Walther von der Vogelweide wird oft als Höhepunkt und Überwindung der Hohen Minne angesehen. Seine Werke zeigen eine Entwicklung von Minneliedern im Stil Reinmars zu Liedern, die das Minnekonzept kritisch reflektieren. Allerdings wird darauf hingewiesen, dass eine lineare Entwicklung in Walthers Werk problematisch sein kann.
Welche Rolle spielt die "frouwe minne" in Walthers Liedern?
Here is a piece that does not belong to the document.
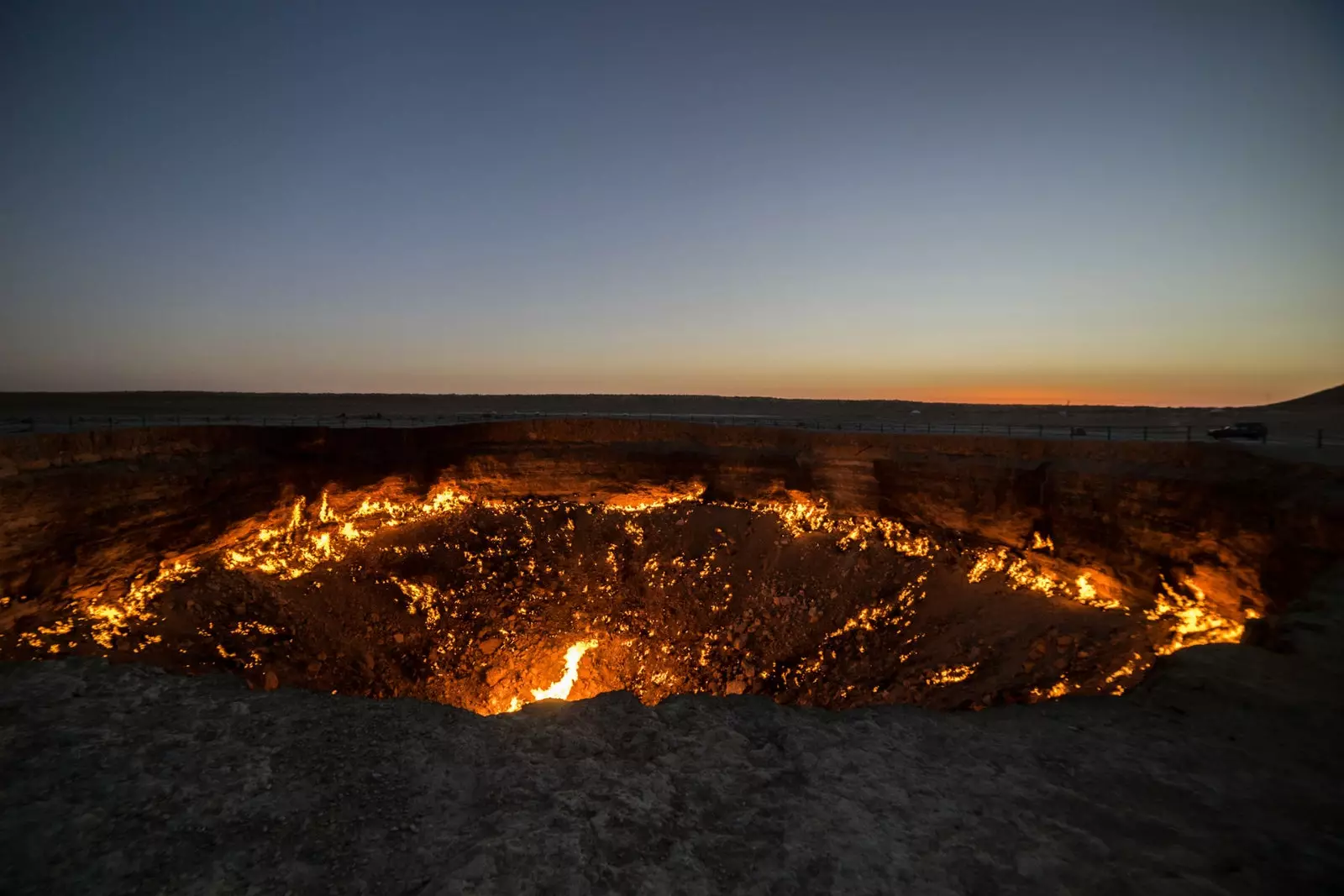 Cổng địa ngục Darvaza ở Turkmenistan.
Die "frouwe minne" ist eine Personifikation oder Allegorisierung des abstrakten Minnebegriffs. Walther gilt als einer ihrer Schöpfer. In ihr wird die Idee der Frau angesprochen, die als Allmächtige über Glück und Leid entscheidet und damit ein rationales Konstrukt ist.
Welchen Einfluss hatte Reinmar von Hagenau auf Walther von der Vogelweide?
Walther von der Vogelweide wurde zunächst durch Reinmar von Hagenau beeinflusst, insbesondere in seinen frühen Liedern. Später löste er sich jedoch von dessen Stil und entwickelte eigene Minnekonzeptionen.
Was ist die Bedeutung der Strophenform in Walthers Liedern?
Walther verwendet oft die Stollen- oder Kanzonenstrophe, die romanischen Vorbildern folgt. Diese Form ist rational aufgebaut durch die zwei metrisch und musikalisch gleich gestalteten Stollen, ist aber durch den Abgesang variabel zu handhaben.
Welche Kritik an der Hohen Minne wird in Walthers Liedern deutlich?
In einigen Liedern Walthers wird die Kluft zwischen dem idealen Anspruch der Minne und ihrer realen Umsetzung kritisiert. Auch der Einfluss gesellschaftlicher Konventionen und die Schwierigkeit, aufrichtige Minne von falscher zu unterscheiden, werden thematisiert. Es erfolgt jedoch keine Kritik an der Dame selbst als absoluter Wertinstanz, sondern nur an "überhêren frouwen".
Welche Literatur wird im Text zur Analyse von Walther von der Vogelweide verwendet?
Die im Text verwendete Literatur umfasst unter anderem Werke von Günther Schweikle, Thomas Bein, Horst Brunner, Gerhard Hahn, Hugo Kuhn und Martin Wenske.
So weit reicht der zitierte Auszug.